Picking one companion over another is a hard pill to swallow and bringing family and future family in mix doesn't make it any less demanding. Then remember that you've presumably been a bridesmaid or maid of honour in one of your closest companions' or sisters' weddings before and the entire thing is so confounding, you have no clue where to start.
One question that we regularly encounter is that" I have been maid of honour for two of my friends as of now and I can't choose who to be mine. Is there some sort of etiquette with regards to picking your maid of honour?"
Try not to utilize a mathematical theory to pick your maid of honour.
In the event that you were in her wedding however not a maid of honour, but now you're closer to her than you were during the marriage, then definitely she is the one who deserves to be the maid of honour in your wedding. The people who are with you during the hard times shouldn’t be the solution for this problem, they are just the people without whom you cannot see your wedding happening- the people you feel nearest to, feel upheld by, and would be anxious in the event that they hadn't arrived. They ought to be closest companions, family or the mix of both. On the off chance that somebody you're considering doesn't fit that bill; they presumably shouldn't be your maid of honour.
Family is your trump card.
Not to be a broken record, but rather the point to get across here is to pick the individual you feel most connected with regardless of the fact that they are friends or family. There's no regulation as such that you have to pick a sister over a companion, despite the fact that picking family over companions regularly helps lessen the drama between companions who think they ought to be the maid of honour. Friends know that they can't win over the family card, so regardless of the possibility that they have desires of being the maid of honour, it is extremely unlikely they'll detest you in the event that you pick a kin.
You can have more than one maid of honour.
Can't choose between a few distinct companions or relatives? Pick every one of them! On the other hand even pick none - there's no composed guideline that you need to have a maid of honour.
Your maid of honour can be a man
Tune in, it's 2015. Bridesmaids don't need to be "maid" and you can pick groomsmen who aren't men. Have you ever known about a "brides man" or a "man of honour?" Your sibling can be your "maid of honour" thus can be your dad or even your granddad. Indeed, even your best male companion from the age of two can be with you. Sexual orientation principles are officially now out, so don't sweat this choice on the off chance that it is the right one for you.
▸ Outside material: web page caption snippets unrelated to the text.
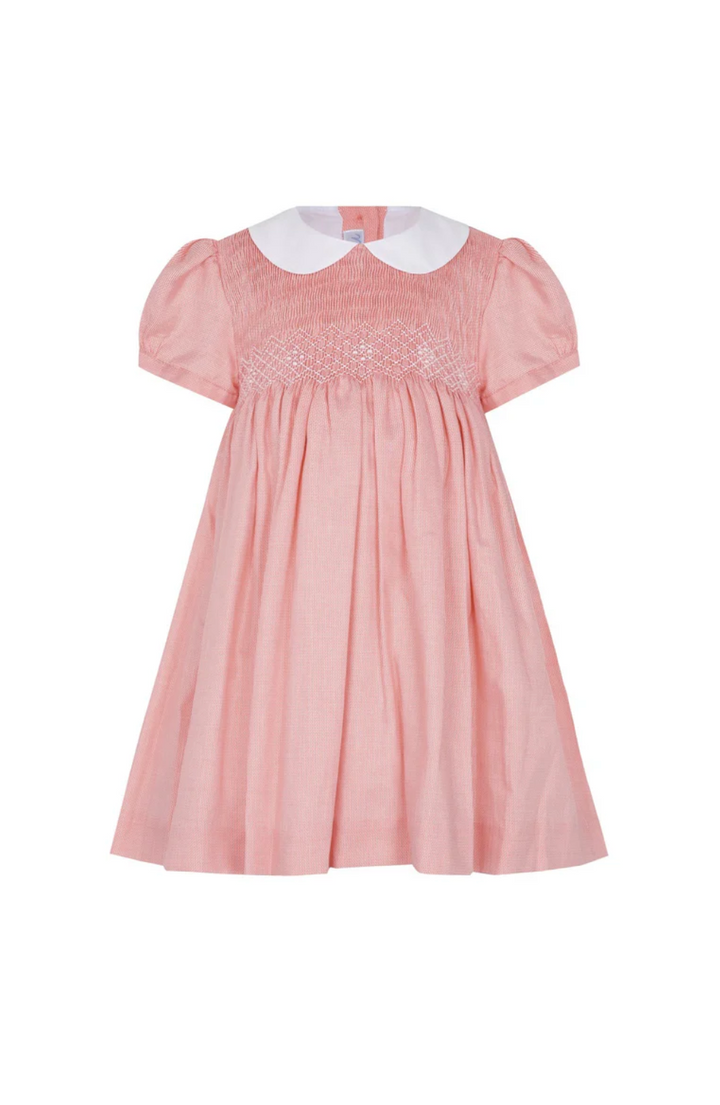 BABY DRESS SMOCKED CORAL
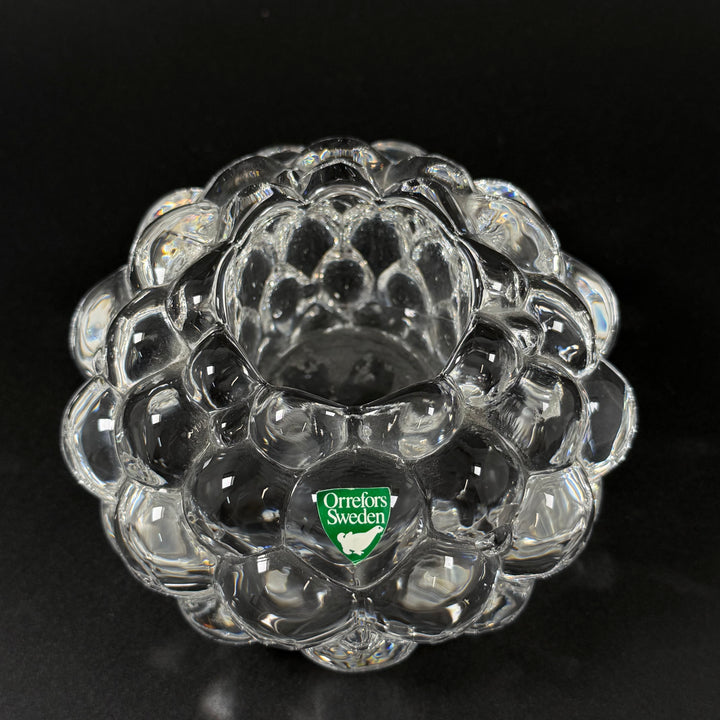 Orrefors ljuslykta i klart bubbligt glas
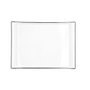 Quid Plat Porcelaine Gastro Black 31x23 cm Blanc et Noir Lot de 6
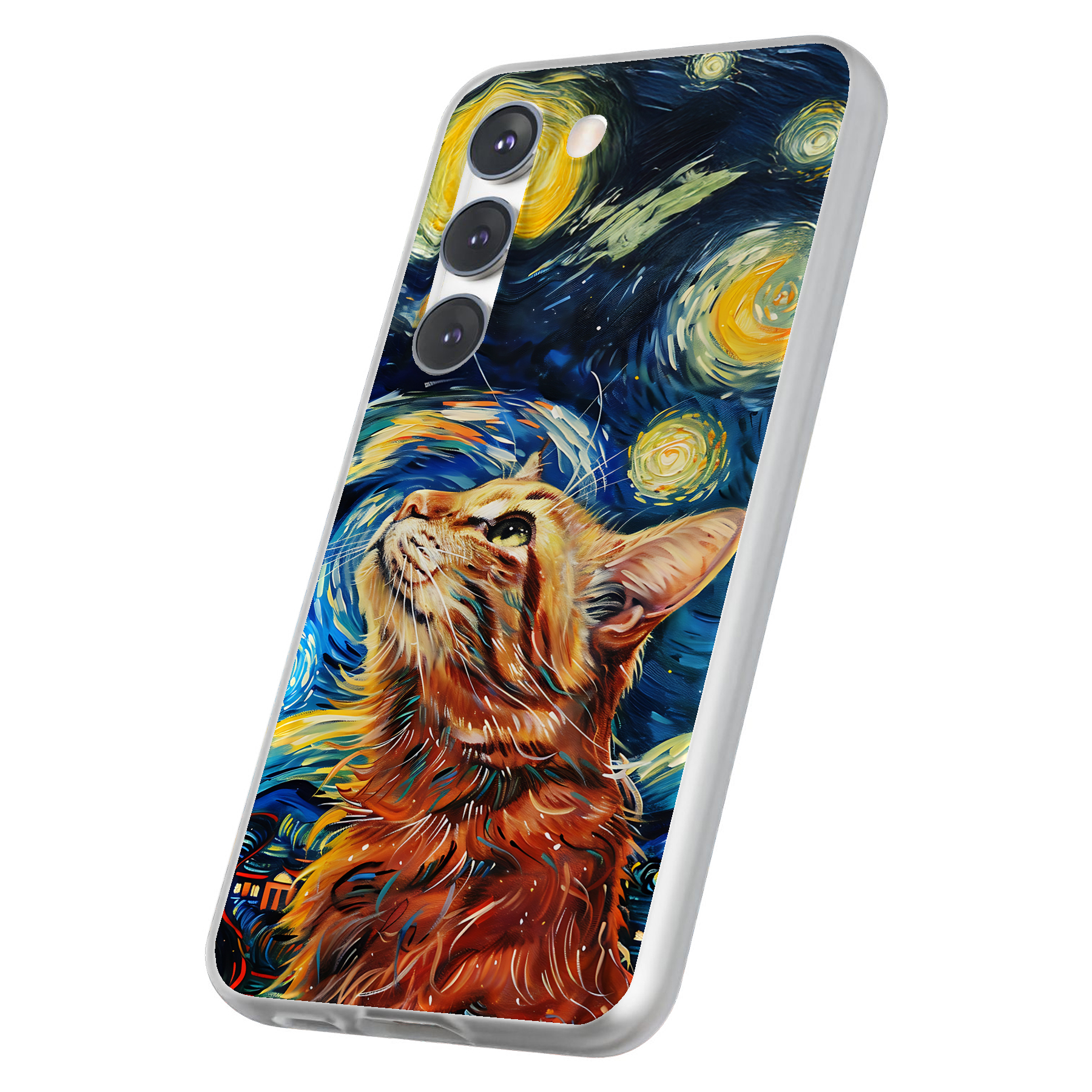 Case For Samsung Galaxy S(S25,S24,S23,S22,S21,S20),Cat Night 3 Print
Primary concern: Your bridesmaids and honor chaperons ought to be the people you feel most associated with. Try not to let the governmental issues of other individuals' wedding party decisions get in your direction. Regardless of the fact that you were a maid of honour for your companion's wedding, it's totally fine to pick another person as your maid of honour. It's your wedding all things considered! You get the opportunity to choose who want to be with.